Yes, and everyone agreed about writing to a disabled session being a failing call.

But in my opinion Flash is not the session, it just happens to be backed by it, and semantically it degrade fairly well.

I think we should at minimum log it at the debug level

Yes that's a good idea.

[byroot]

I don't think that it's correct to have all these methods return nil like this. Sure it will now longer break if for instance you call flash.keys, but returning nil is totally unexpected and will likely break the caller.

NullObjects are notoriously hard to get right. I'm starting to wonder if returning a regular Flash object wouldn't be better. You'd just get a new one on every request.flash call. I doubt anyone has request.flash as a hotspot so I don't think a few extra allocation are big concern.

This will also be a good place to put the log suggested by @pixeltrix

[ricardotk002]

[...] returning nil is totally unexpected and will likely break the caller.

Agree, I'll try to replicate the responses too. I also think that logs would be helpful.

I'm starting to wonder if returning a regular Flash object wouldn't be better.

Well yes, the main issue in #42167 was that the Flash middleware wasn't present when some other modules (eg. ETagWithFlash) depended on it. The null object was added for the sake of correctness I would say, as even though it is present, it basically no-ops. A regular flash object works too, with the difference that it indeed would behave as if the flash module were working just fine.

Let me know if this null object still makes sense, so that I work on both items 😄.

[byroot]

Let me know if this null object still makes sense

Well it makes sense, but maintenance wise I think it's much more work than just returning an empty Flash. So I'd go with the later.

[ricardotk002]

Sounds good. I've removed the null object, now the request should have access to a regular (empty) flash object, even when the session store is disabled.

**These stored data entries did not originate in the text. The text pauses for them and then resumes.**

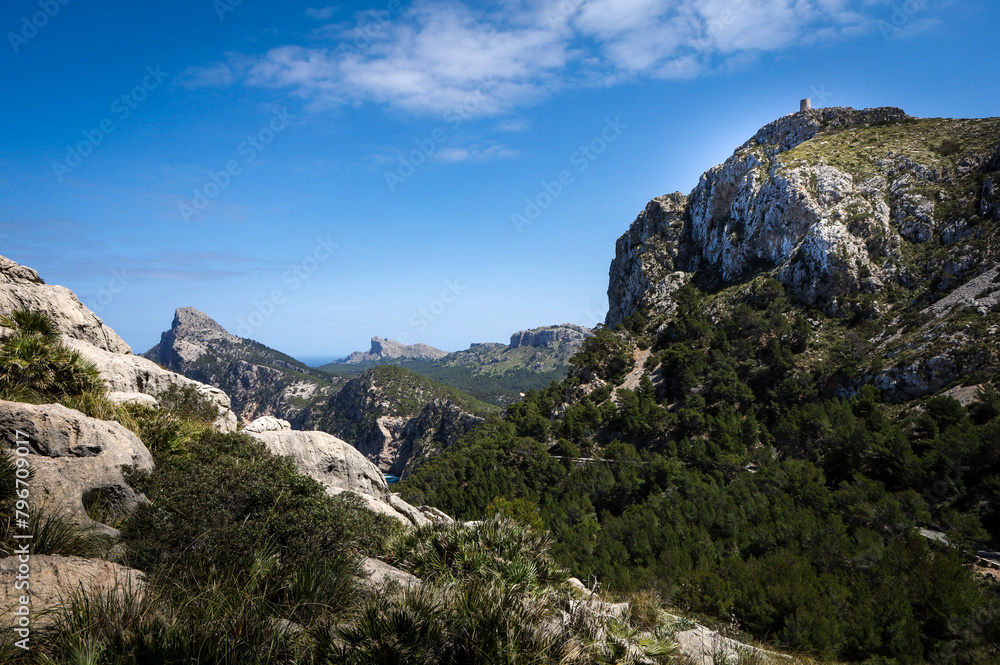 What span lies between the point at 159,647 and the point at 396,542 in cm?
671

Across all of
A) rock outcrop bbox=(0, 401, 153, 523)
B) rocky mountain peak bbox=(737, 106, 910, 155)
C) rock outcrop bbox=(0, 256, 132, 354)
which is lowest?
rock outcrop bbox=(0, 401, 153, 523)

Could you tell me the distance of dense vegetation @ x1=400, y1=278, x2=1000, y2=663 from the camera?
19109mm

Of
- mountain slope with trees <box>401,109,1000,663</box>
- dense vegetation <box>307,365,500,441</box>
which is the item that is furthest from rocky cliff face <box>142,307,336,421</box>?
mountain slope with trees <box>401,109,1000,663</box>

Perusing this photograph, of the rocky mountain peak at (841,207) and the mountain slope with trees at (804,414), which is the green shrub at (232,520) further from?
the rocky mountain peak at (841,207)

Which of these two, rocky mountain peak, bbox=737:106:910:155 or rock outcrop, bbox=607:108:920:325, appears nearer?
rock outcrop, bbox=607:108:920:325

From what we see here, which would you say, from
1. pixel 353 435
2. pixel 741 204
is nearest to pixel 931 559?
pixel 741 204

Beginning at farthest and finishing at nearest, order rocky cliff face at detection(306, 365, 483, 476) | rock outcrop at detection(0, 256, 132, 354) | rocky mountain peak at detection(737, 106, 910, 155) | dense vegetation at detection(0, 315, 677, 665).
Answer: rocky cliff face at detection(306, 365, 483, 476), rocky mountain peak at detection(737, 106, 910, 155), rock outcrop at detection(0, 256, 132, 354), dense vegetation at detection(0, 315, 677, 665)

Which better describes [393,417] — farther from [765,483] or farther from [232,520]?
[232,520]

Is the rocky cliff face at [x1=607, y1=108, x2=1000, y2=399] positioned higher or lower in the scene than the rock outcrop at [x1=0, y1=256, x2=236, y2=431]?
higher

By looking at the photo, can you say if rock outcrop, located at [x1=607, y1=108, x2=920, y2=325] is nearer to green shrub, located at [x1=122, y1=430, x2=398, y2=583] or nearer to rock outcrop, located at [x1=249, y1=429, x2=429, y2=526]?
rock outcrop, located at [x1=249, y1=429, x2=429, y2=526]

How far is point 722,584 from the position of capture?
2156 centimetres

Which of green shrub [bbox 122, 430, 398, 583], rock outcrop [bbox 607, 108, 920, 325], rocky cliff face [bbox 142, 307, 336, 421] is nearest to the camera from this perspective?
green shrub [bbox 122, 430, 398, 583]

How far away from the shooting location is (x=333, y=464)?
18.6 metres

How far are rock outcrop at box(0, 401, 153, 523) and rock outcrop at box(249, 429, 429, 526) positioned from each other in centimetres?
685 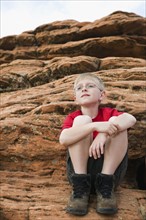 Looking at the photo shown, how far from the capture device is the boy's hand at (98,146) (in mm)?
6352

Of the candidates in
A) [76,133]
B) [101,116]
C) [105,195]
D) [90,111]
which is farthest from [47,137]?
[105,195]

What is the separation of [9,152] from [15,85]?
7.06m

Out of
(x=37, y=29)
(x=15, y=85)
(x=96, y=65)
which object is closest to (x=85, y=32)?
(x=37, y=29)

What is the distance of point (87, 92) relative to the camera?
752cm

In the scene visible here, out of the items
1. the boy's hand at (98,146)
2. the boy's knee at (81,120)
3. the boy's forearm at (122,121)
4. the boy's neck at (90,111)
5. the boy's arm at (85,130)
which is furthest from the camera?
the boy's neck at (90,111)

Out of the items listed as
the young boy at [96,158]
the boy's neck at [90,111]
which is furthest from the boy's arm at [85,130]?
the boy's neck at [90,111]

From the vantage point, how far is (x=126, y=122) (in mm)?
6723

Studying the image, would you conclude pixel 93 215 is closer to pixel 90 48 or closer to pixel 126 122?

Btw, I was checking your branch the other day and tried to add the logging you mentioned: ricardotk002@587d599c4c

Something I noticed was that the Rails session always wraps the previous session into a regular enabled one, even if that previous one comes disabled (for instance, this is what I did for the tests). I'm not sure that'd be a common case but perhaps something to keep in mind:

ricardotk002@587d599c4c#diff-40af0c0e76bdb69f4240deed5d844e4564115d291f8f73b0c4ebf523a1ed16bdR19-R23

[byroot]

we had the discussion about whether writing into a null session should raise or not

Ref: #42231

[byroot]

Could you rebase? I just merged #42231, so now you can easily check for session.enabled?

[ricardotk002]

@byroot Sorry, I'm confused. Should I re-add the null-object with full API? I removed it as per your comment #42230 (comment) and calls to session.enabled? are no longer required.

[byroot]

No I wasn't asking to re-add the null object, just to check wether this PR works well with the session change, and eventually to make sure we don't try to persist the Flash object in the session if it is disabled.

[ricardotk002]

@byroot I applied the changes you suggested. Everything seems to be working correctly. Thanks for reviewing.